I have a Eureka lemon and a Tahitian lime, and two half wine barrels to plant in, and I’ve bought some decent soil and manure. The guy at the shop reckons I should be adding something to the soil every 8 weeks but I don’t really have the budget or the space for a ton of soil amendments! So if you could tell me what you do and your yield (estimated if you don’t know) that would be helpful! Also, how do you find watering them in summer? Do you use retic or water by hand?
Sorry for such a long question! Any advice appreciated! : )\
Well Lindsay, thanks for your question.
Citrus trees grown in pots are pretty easy to look after. As you live in Perth, then probably best to keep them in the barrels as the soil is fairly sandy and doesn’t hold a lot of moisture. Similarly, here in Melton, I plant in pots because our soil is rock hard clay.
I fertilise once every quarter (3 months) with a handful of blood and bone, and half a about a quarter of a cup of dolomite lime (for the calcium and magnesium), both scattered around the top of each pot. Then I water this in, and then add a thin layer of compost.
This keeps them fed for the three months. I kind of time it when they flower in spring, and fruit in late autumn.
Pots and Microclimates
The pots are about 48cm in diameter, and 55cm tall, which are glazed black. I figure that this keeps the root ball warm in winter and it is why I get such a great crop of lemonade, mandarins and limes. Four of the pots are located up against a wall running north and south, so it heats up during the day providing a sheltered and warmish microclimate for the citrus trees. The other four are around the swimming pool which provides heat in winter and additional reflected light.

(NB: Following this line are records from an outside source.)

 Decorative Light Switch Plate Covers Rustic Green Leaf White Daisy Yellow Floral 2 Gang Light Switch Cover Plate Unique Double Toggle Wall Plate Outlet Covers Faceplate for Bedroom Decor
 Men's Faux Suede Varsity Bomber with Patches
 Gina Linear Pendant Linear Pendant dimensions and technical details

These pots are fairly large with the soil coming about ¾ full (with the tree inside. This is so I can add the organic fertiliser and compost. There is also a hole in the bottom about 3cm in diameter. When I potted it up, I placed broken crock over the hole, added about 10cm of premium potting mix then placed the tree’s root ball on top. I then backfilled with more potting mix and watered in well.

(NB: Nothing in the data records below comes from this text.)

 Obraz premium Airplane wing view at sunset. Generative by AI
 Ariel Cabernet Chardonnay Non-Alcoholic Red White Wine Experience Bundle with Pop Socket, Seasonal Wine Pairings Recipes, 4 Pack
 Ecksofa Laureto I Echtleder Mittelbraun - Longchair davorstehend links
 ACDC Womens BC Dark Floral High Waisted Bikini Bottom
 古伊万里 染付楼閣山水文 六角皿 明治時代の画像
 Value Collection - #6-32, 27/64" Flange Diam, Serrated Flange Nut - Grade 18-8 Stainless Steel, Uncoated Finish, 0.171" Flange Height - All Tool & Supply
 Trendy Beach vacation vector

I have four of the eight trees included in my irrigation system so this helps a lot during summer. However, I do find that I need to water at least once a day during the really hot weather (40°+) to keep them thriving. In winter, I water weekly to make sure they are moist.
Now here is a citrus secret that you won’t read everyday. I also add human urine to a 9 litre watering can (about 500 ml of wee), and give quarter of the watering can to each tree. On a good day, manage to get around to all 8 trees. They love the extra nitrogen and acidity of this liquid neutralises the alkalinity of the dolomite lime. I do this once a month.

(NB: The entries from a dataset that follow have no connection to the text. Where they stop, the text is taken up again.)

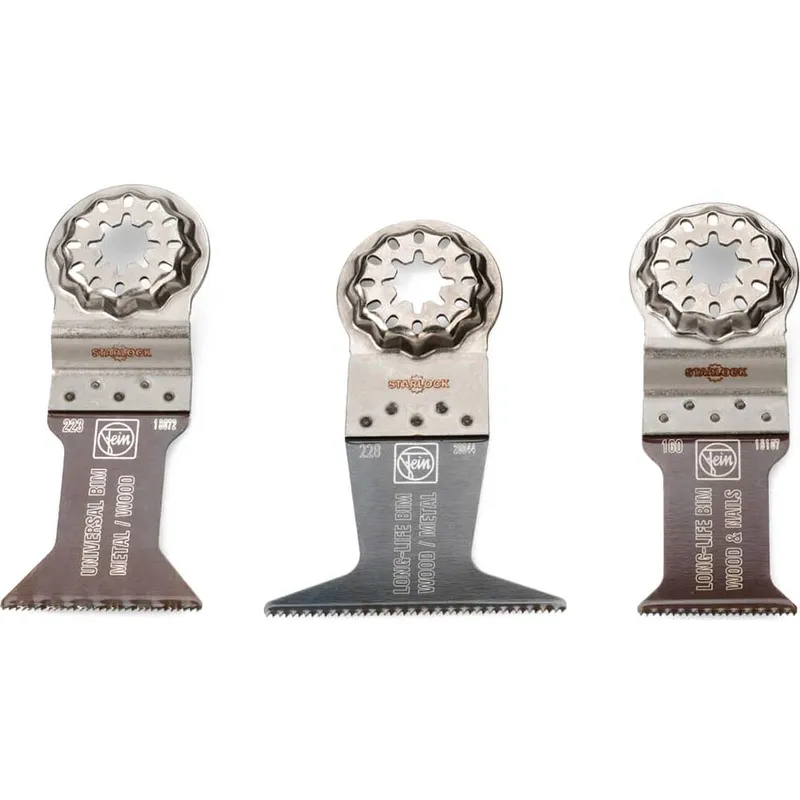Fein 3 Piece Starlock Oscillating Multi Tool Wood and Metal E-Cut Cutting Blade Set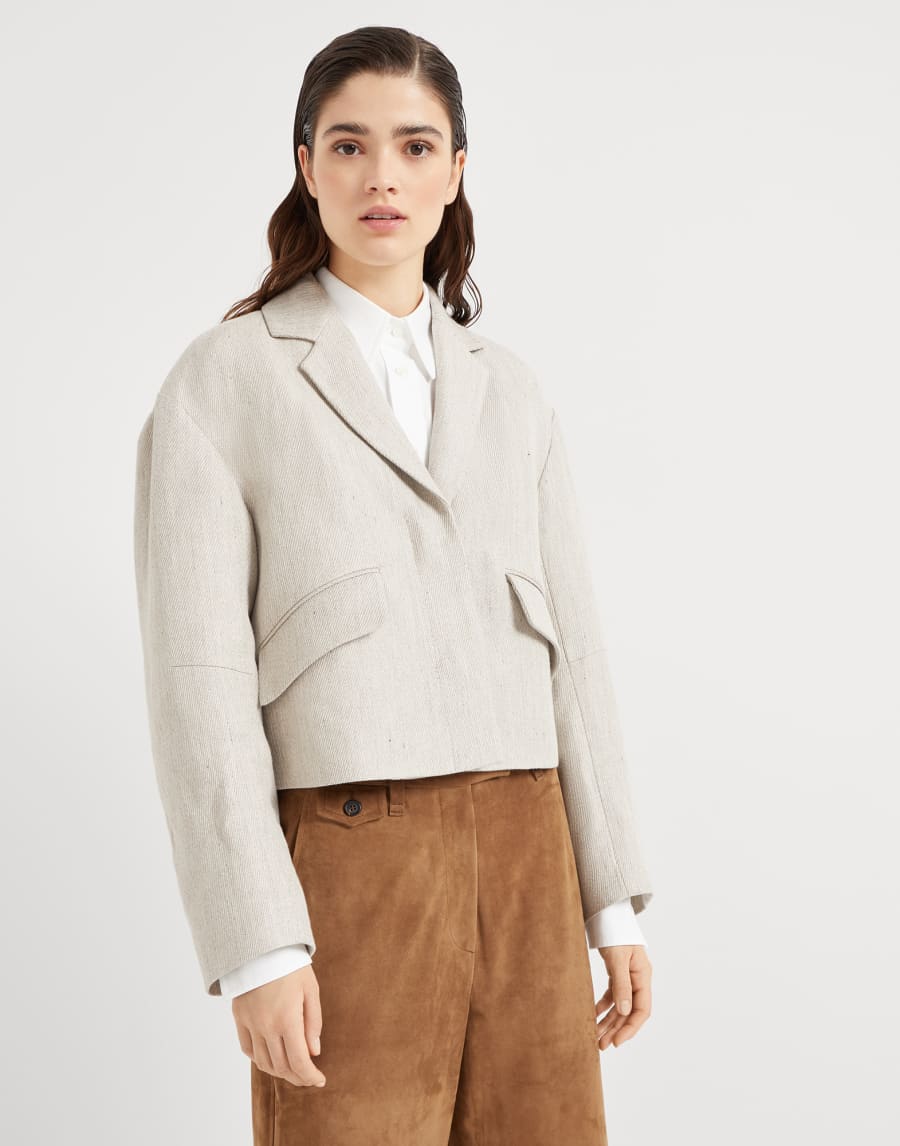 Outerwear with monili Cool Beige Woman - Brunello Cucinelli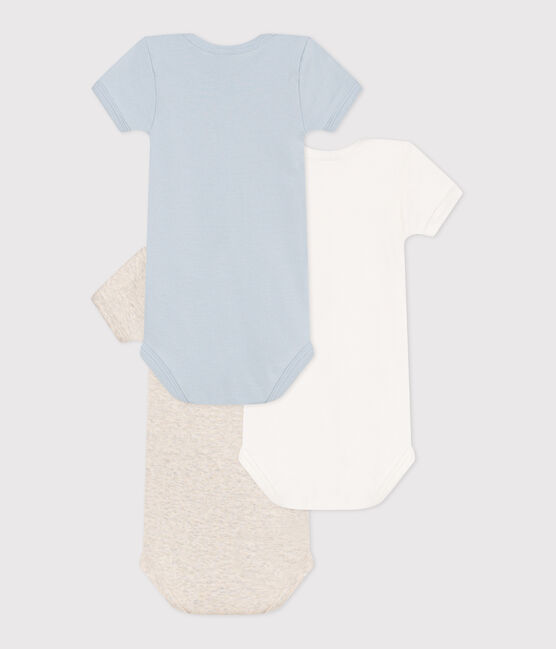 Babies' Plain Short-Sleeved Cotton Bodysuits - 3-Pack variante 1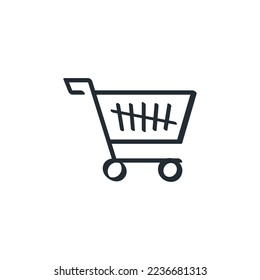 Shopping Cart Related Vector Hand Drawn Doodle Line Drawing Icon Concept Illustration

If you ever have a problem with yellow leaves with green veins through the leaf especially on new growth, but the soil is moist, the tree has an iron deficiency. The soil is too alkaline and the tree cannot take up iron from the soil. You need to add iron chelate, or do what I do and place rusty nails in each pot. These also add iron to the soil over time. I don’t normally get this issue due to watering with the wee solution each month.
Look carefully for mottling on the leaves of plants because this is an indication of magnesium deficiency, which is really common in Australia. The easiest solution is to get some Epsom salts (Magnesium sulfate). Take half a litre of water, and put in half a teaspoon of Epsom salts, then shake and stir. Either water it on plants or you can foliar spray it. The mottling will go after a week or two.
Another issue to look for is yellowing of the leaves. Yellowing does occur naturally in winter, however if you see it in summer then it is a potassium deficiency. When you buy the blood and bone make sure it has added potassium (potash) and you shouldn’t get this problem. However, if you do see it, correct it with adding soluble potash; use half a teaspoonful in 4.5 litres of water, stir that thoroughly and apply it at the roots. Do this every two weeks until the leaves regain their colour.
After about 3 years of loving care you should see fruit appear in abundance. If fruit tries to set in the first two years, I would highly recommend knocking it off just after it has set. The tree needs to grow strong before it can handle the task of growing fruit and is usually able to handle a full crop of delicious fruit after about 3 years of growth.
I do keep our trees under 2.5 metres with light pruning after the harvest.
Depending on the tree, I usually get more fruit than I can eat and find that we even give some away after a few weeks.
Hopefully this post has answered all the questions, and now all readers who live in temperate climates will be able to grow this fantastic source of vitamin C.